=== DATASET EXCERPTS ===

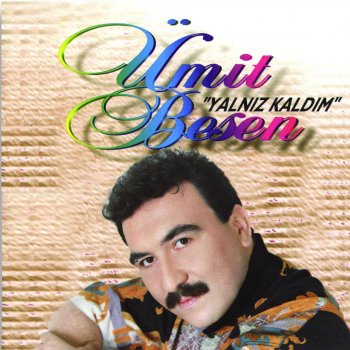 Ümit Besen Yorgunum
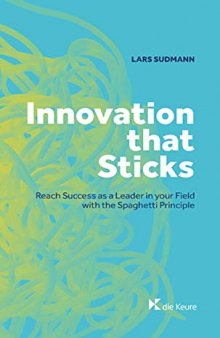 Innovation that sticks: Reach success as a leader in your field with the spaghetti principle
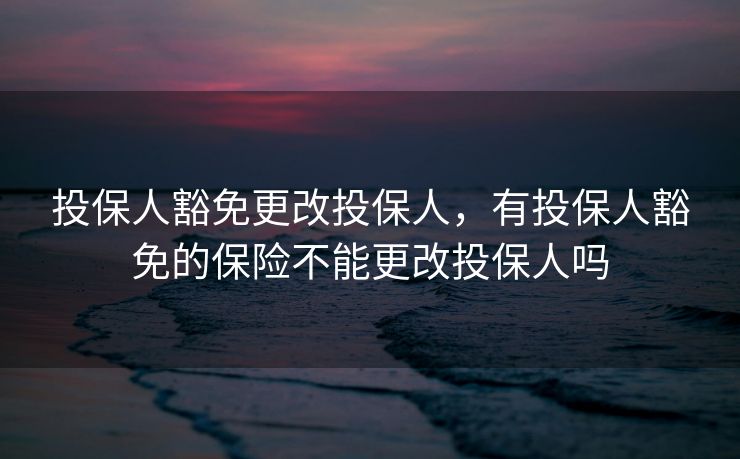 投保人豁免更改投保人，有投保人豁免的保险不能更改投保人吗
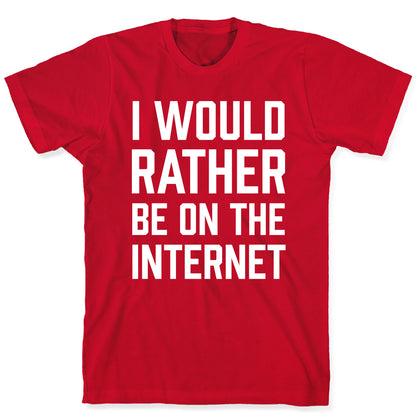 I Would Rather Be On The Internet T-Shirt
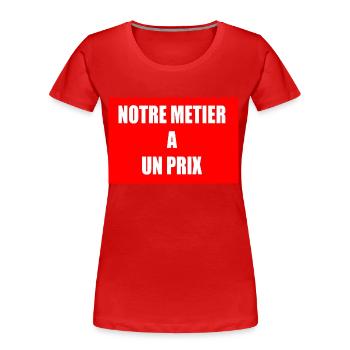 Notre métier a un prix - T-shirt bio Premium Femme - rouge - Devant - Mia (176cm)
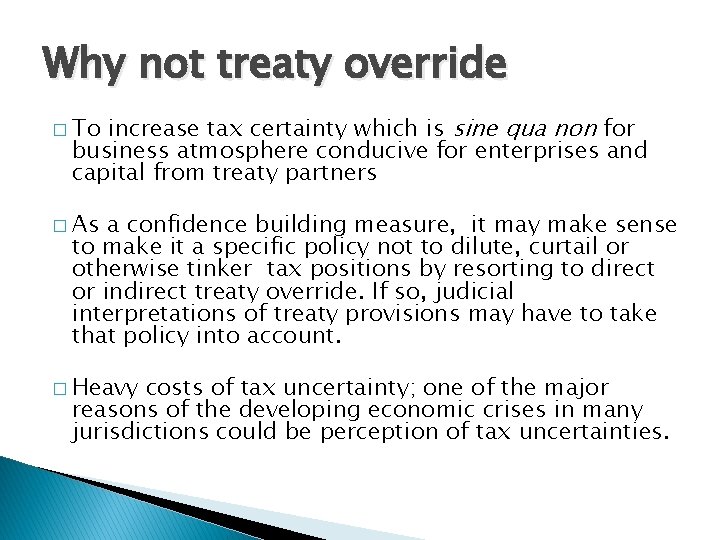 Why not treaty override increase tax certainty which is sine qua non for business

===

### WHAT YOU HAVE TO DO
The response should hold only an exact retyping of the lines from the beginning of the data through the line containing "Notre métier a", both ends kept, pictures omitted.

### YOUR RESPONSE
 Ümit Besen Yorgunum
 Innovation that sticks: Reach success as a leader in your field with the spaghetti principle
 投保人豁免更改投保人，有投保人豁免的保险不能更改投保人吗
 I Would Rather Be On The Internet T-Shirt
 Notre métier a un prix - T-shirt bio Premium Femme - rouge - Devant - Mia (176cm)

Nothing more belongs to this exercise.